All of these plants had been in place prior to the event in Walkerton a dozen years ago where contaminated water killed a half-dozen residents of the community and permanently damaged the health of many others.
Although incompetence and mismanagement of the Walkerton water treatment plant were clearly shown to be the root cause of the tragedy in the subsequent enquiry, nevertheless the province mandated an immediate upgrade of existing facilities, large and small, and virtually every small municipality also moved away from the practice of monitoring their water treatment plants and water quality with their own staff because of liability issues (once again, think of Walkerton) and moved almost without exception to third-party outsourcing of this essential service.
The perfect storm that was set in motion by the Walkerton tragedy and its enquiry has led directly to the handful of residents in the Sunsite’s subdivision facing a 41 percent increase on their water rates.
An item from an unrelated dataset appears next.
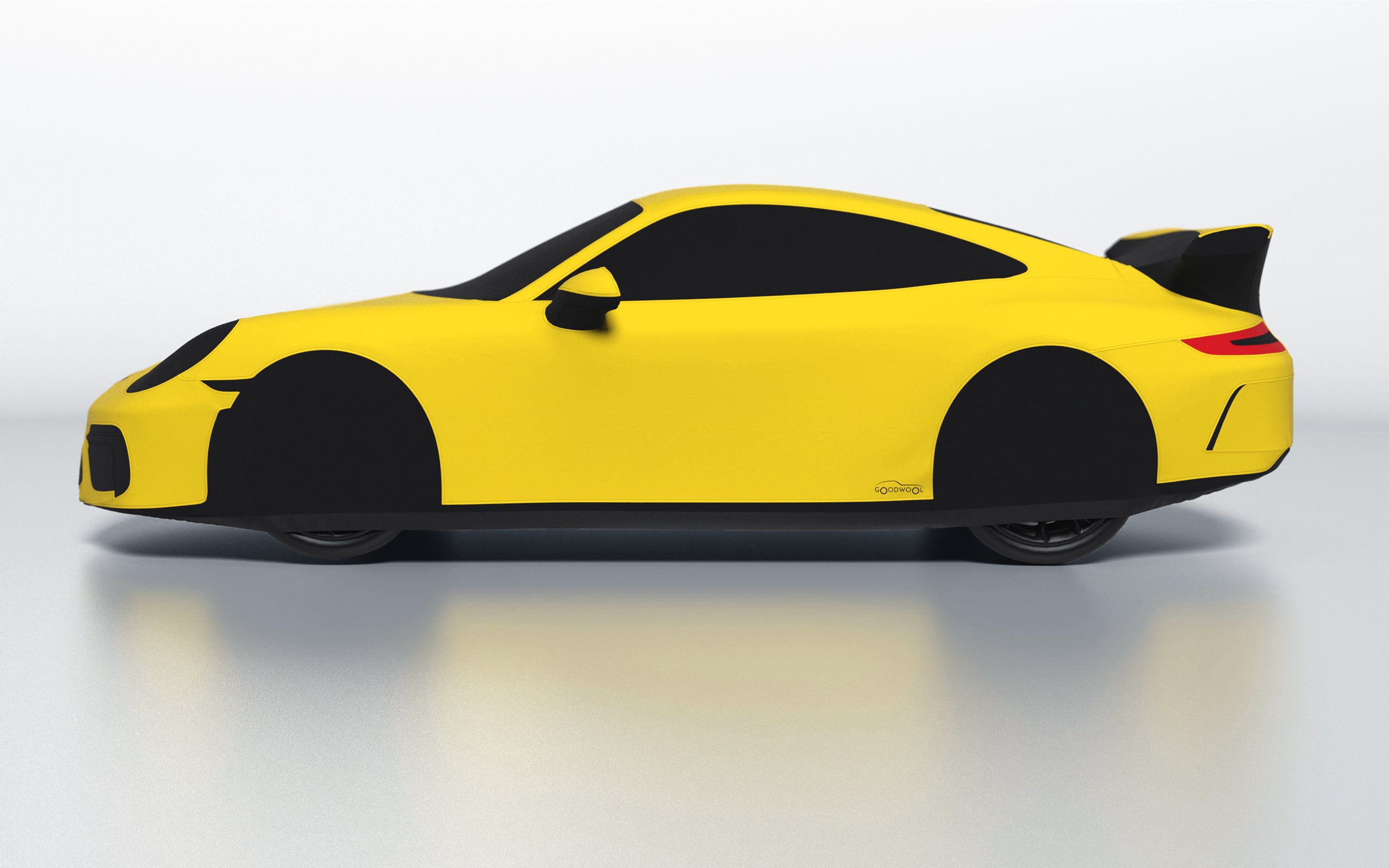 Goodwool tailor-made car cover for Porsche 911 (991.2) GT3 — Yellow 340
While the Assiginack council has agreed to a band-aid one-year measure of relief, the reality is that when the cost of operating such a facility is spread among only a handful of users, like those in Sunsite, Sheguiandah and South Baymouth, the per household costs will just continue to climb.
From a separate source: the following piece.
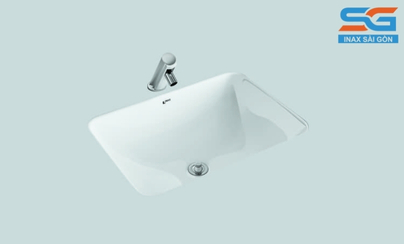 Những mẫu lavabo âm bàn Inax giúp phòng tắm tối giản, tinh tế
There are many such small systems, with only a small number of users, across the province. A disproportionate number of them are in Northern Ontario communities.
Mr. Mantha’s proposed private member’s bill will suggest that the Ontario government should recognize the unusual burden a handful of people have to bear if they are in a community serviced by a treated water system where the community cannot be reasonably expected to expand to a point where a few hundred, as compared to a few dozen, water users are sharing the cost of a treatment plant’s operation and oversight.
Mr. Mantha’s bill will likely also recognize that, within a given municipality, it is neither realistic nor fair to expect residents who are not connected to the small water treatment system to subsidize their neighbours when they themselves may have to pay for the maintenance of a well or are already paying to purchase and haul water to their homes or businesses.
Mr. Mantha’s proposed bill will appeal to the government to recognize the fact that it is better to have the North as populated as possible and if this means some relief to the costs of people who, through no fault of their own, are paying higher and higher fees for the privilege of having their water supplied by a small water treatment system, then so be it.
It’s important to have rural villages like South Baymouth and Sheguiandah and rural residential areas like Sunsite Estates.
It’s also difficult to imagine a developer creating another property like Sunsite Estates and providing the infrastructure of treated and piped water in the current environment.
Indeed, 20 years ago, would the residents of Sheguiandah or South Baymouth have been keen to have treated and piped water available to them if they had known the eventual high cost? Likely not. They would have continued to “make do” with wells and hauled water.
But these communities and the many others like them are important and it’s vital to make sure that people can afford to live in them and that the communities themselves remain both vital and viable.
Good luck, Mr. Mantha. Your proposed bill must certainly receive wide support, across party lines, at the very least from your rural colleagues.